Maybe Esposito is right - what's the big deal. But I'm inclined to see the most accurate sentence of his comments as, "I just don't understand it".

Tuesday, January 18, 2005

Segue courtesy of

Colby Cosh, apparently running low on hate mail, has brought up the GoRiders! and Paul McCallum again. (Hint: everything surrounding the phrase "being a rather dim lot even by the standards of Rider fans" is misdirection and filler). As a Stamps fan, the phrase "takes one to know one" comes to mind, but will be left unsaid in deference to "6, 5, 4", that being the win totals for the Stamps the past 3 seasons.

Timely, though, as I was just thinking about driveway poop! A couple of days after Mr. McCallum's neighbour received the free landscaping materials, our local afternoon sports-talk-guys were discussing it, and their leader, a Mr. Joe Sports, claimed that such a thing would never happen in Calgary. The logic supporting this claim was something like: Calgary is bigger, people care less about the CFL, are less likely to know where the kicker lives, ergo this wouldn't happen.

The beauty of making this argument is that it really is very unlikely to occur in Calgary (or Edmonton, or Regina again for that matter), and so the passage of time will probably "prove you right". The peril of this argument? To my way of thinking, that's a lot of faith to be putting in the three dumbest Stampeder fans in Calgary.

Joe Sports may well be right about the Average Stamps Fan (I would certainly hope so). He's probably even right about the Average Stamps Fan - Bitter Drunken A-Hole chapter. But it just doesn't matter - all the matters is what the 2 or 3 at the absolute end of the spectrum will do.

I was indirectly reminded of this, 2+ months after the fact, by Chris Selley at the bottom of this post. Selley has made some excellent points disputing the Cosh/Steyn position that legal SSM will lead to legal polygamy, and he's almost convinced me.

But(!), I remain puzzled as to why he would take comfort in the notion that a Charter challenge supporting polygamy will never come up (especially while he hopes the cops go into Bountiful and bust things up).
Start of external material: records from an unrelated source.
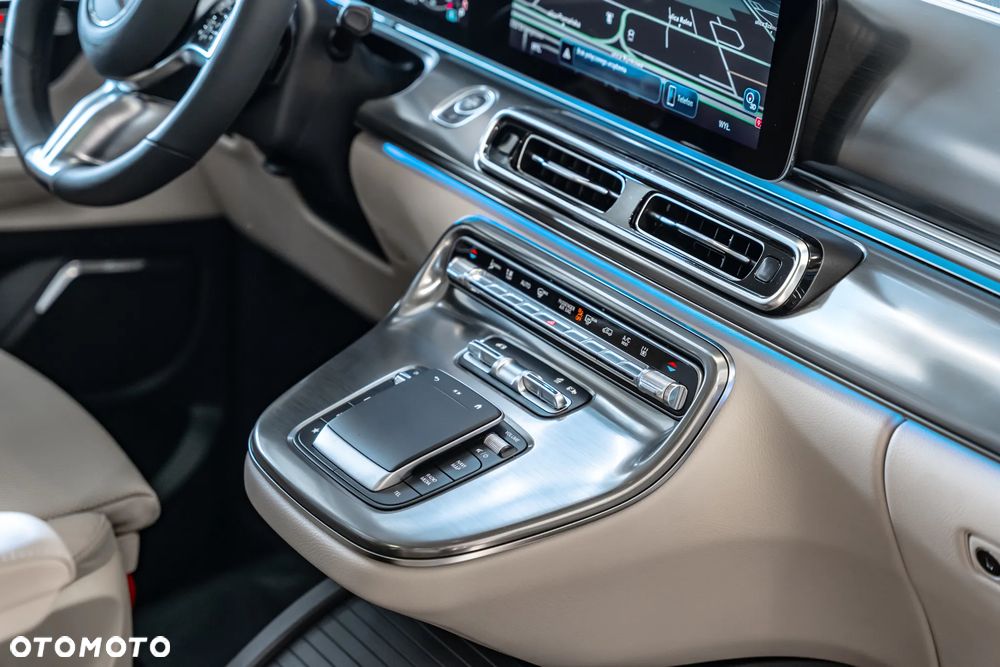 Mercedes-Benz Klasa V 300 d 4-Matic 9G-Tronic Exclusive (d³ugi) - 30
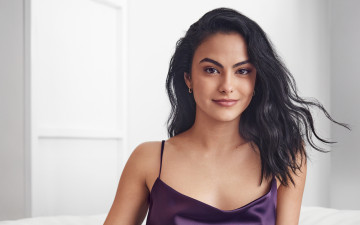 Картинка девушки camila+mendes брюнетка лицо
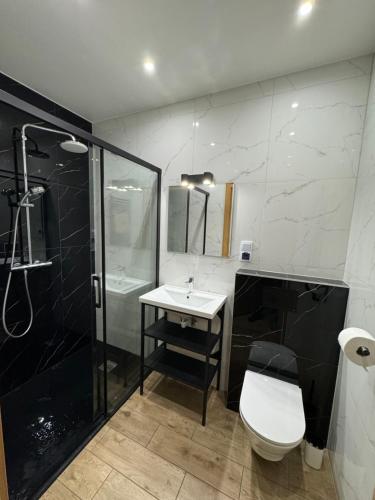 Shower, Kompleks Wypoczynkowy Graniczny in Zwardon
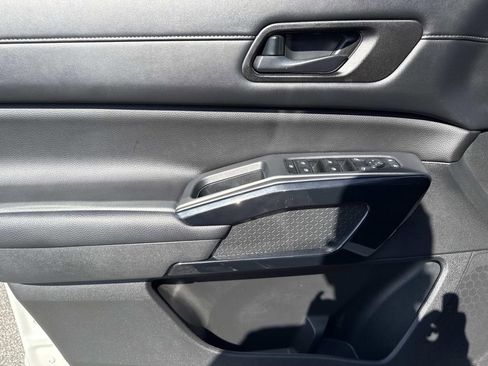 Certified 2024 Nissan Pathfinder SV image 19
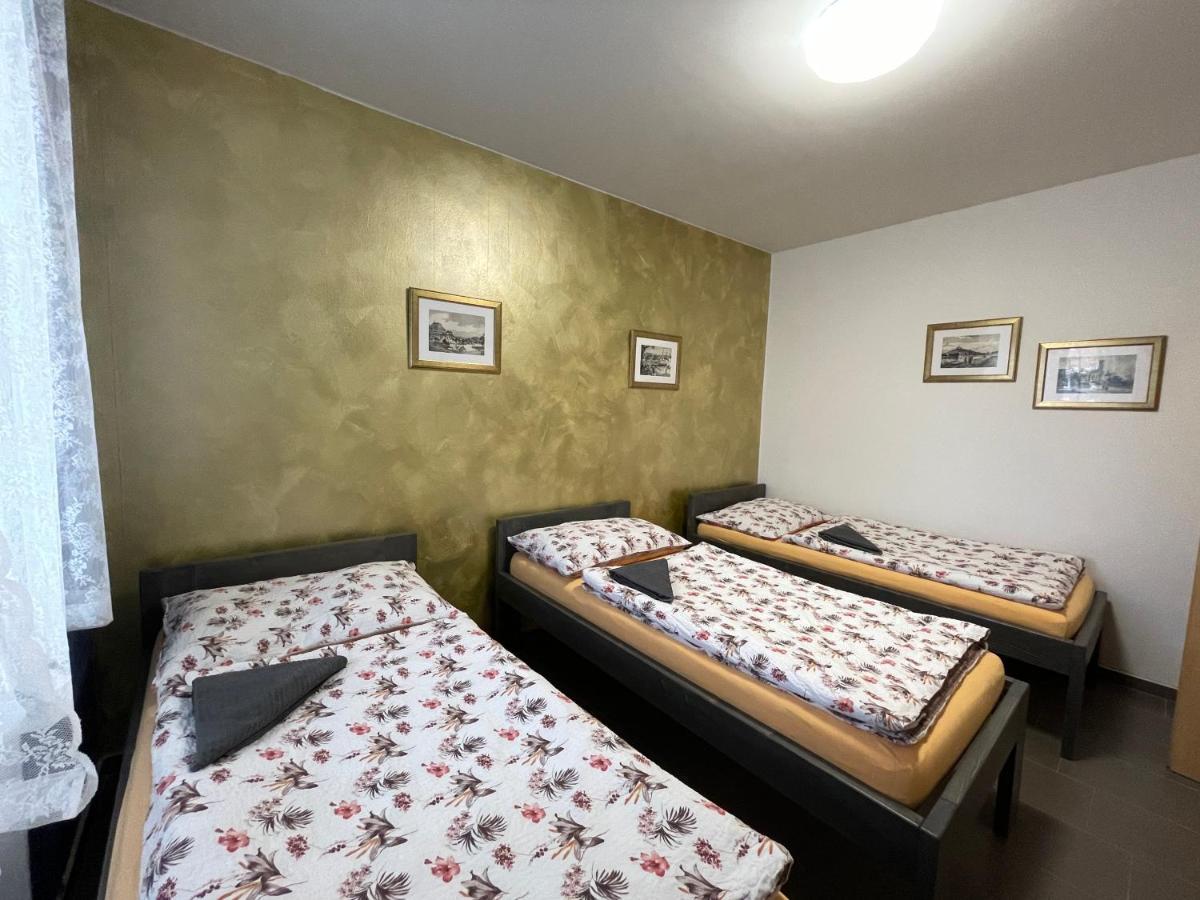Cetnicka Stanice Hluboka Hluboka nad Vltavou Luaran gambar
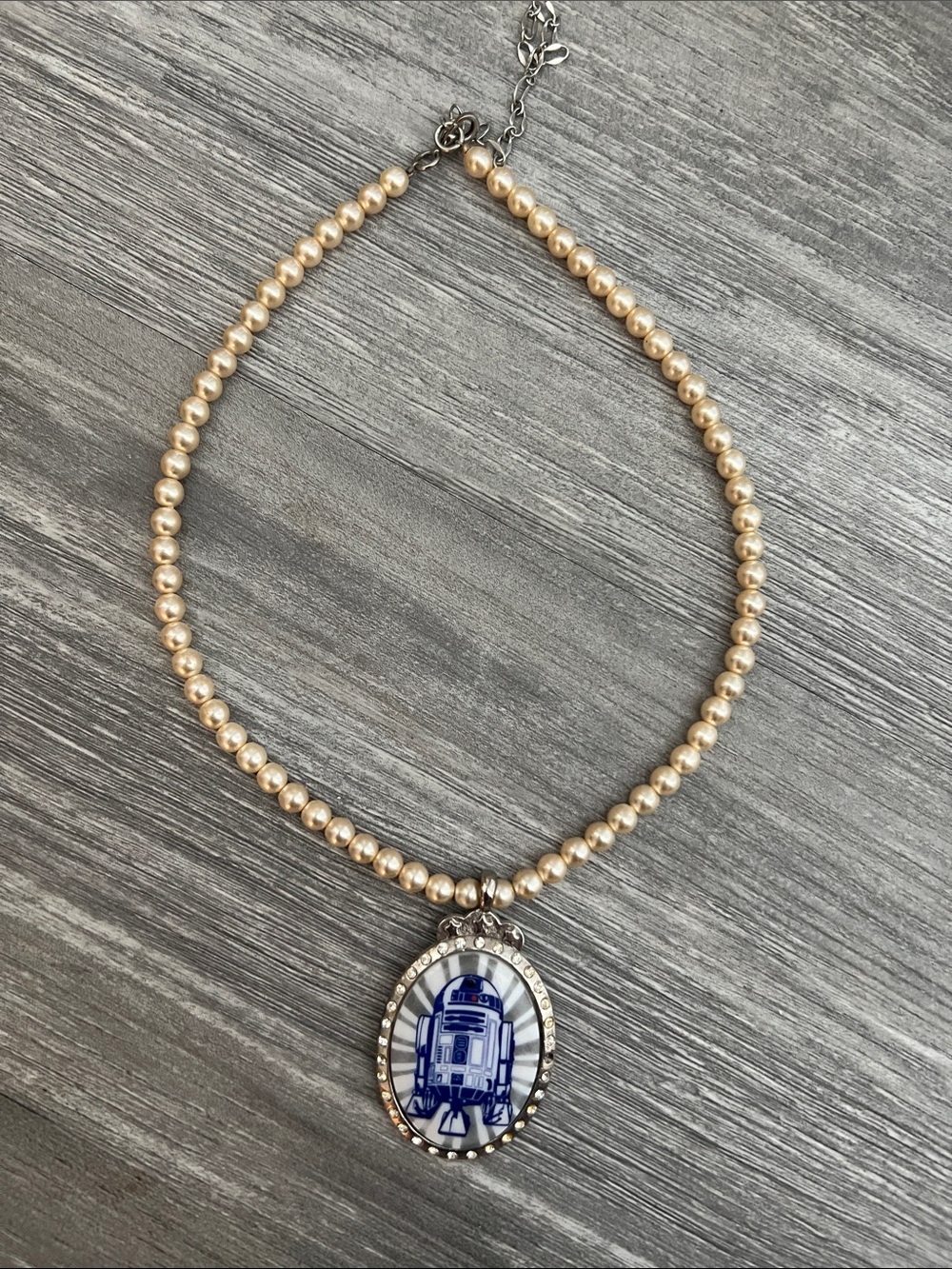 Her Universe R2D2 Pearl necklace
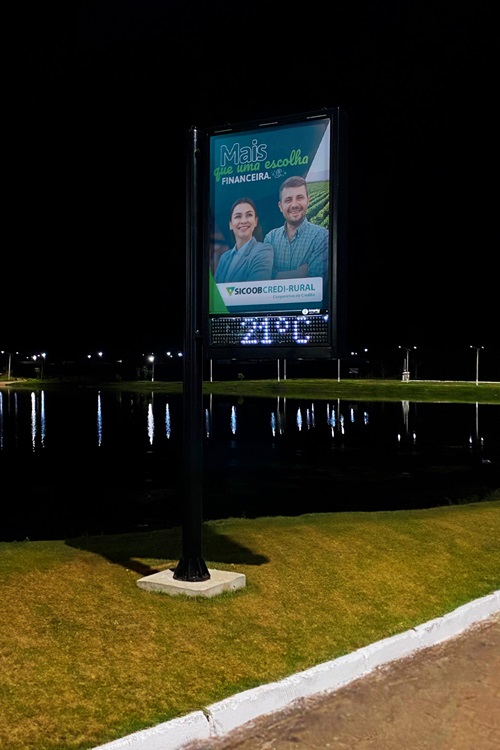 Relógio de Rua Imply® instalado na cidade de Bom Jardim do Goiás, pelo Sicoob Credi-Rural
I suspect he is right that most of the present proponents of polygamy (wipe spittle off screen) simply wish to keep to themselves, and would sooner curse on the Sabbath than ask the government to condone their lifestyle. But "most" or "the average" or even "an overwhelming majority" is meaningless in this context. It only takes the person at the end of the spectrum "Desire for Government Approval of My Polygamous Lifestyle", and I fail to see how Selley has identified this person and divined his intentions.

That said, read Tart Cider, it's hilarious - especially if you are acquainted with Earl McCrae.

Friday, January 14, 2005

"That's the way I roll"

Recently in the DVD player: Anchorman: The Legend of Ron Burgundy, starring Will Ferrell. What a frustrating hour and a half.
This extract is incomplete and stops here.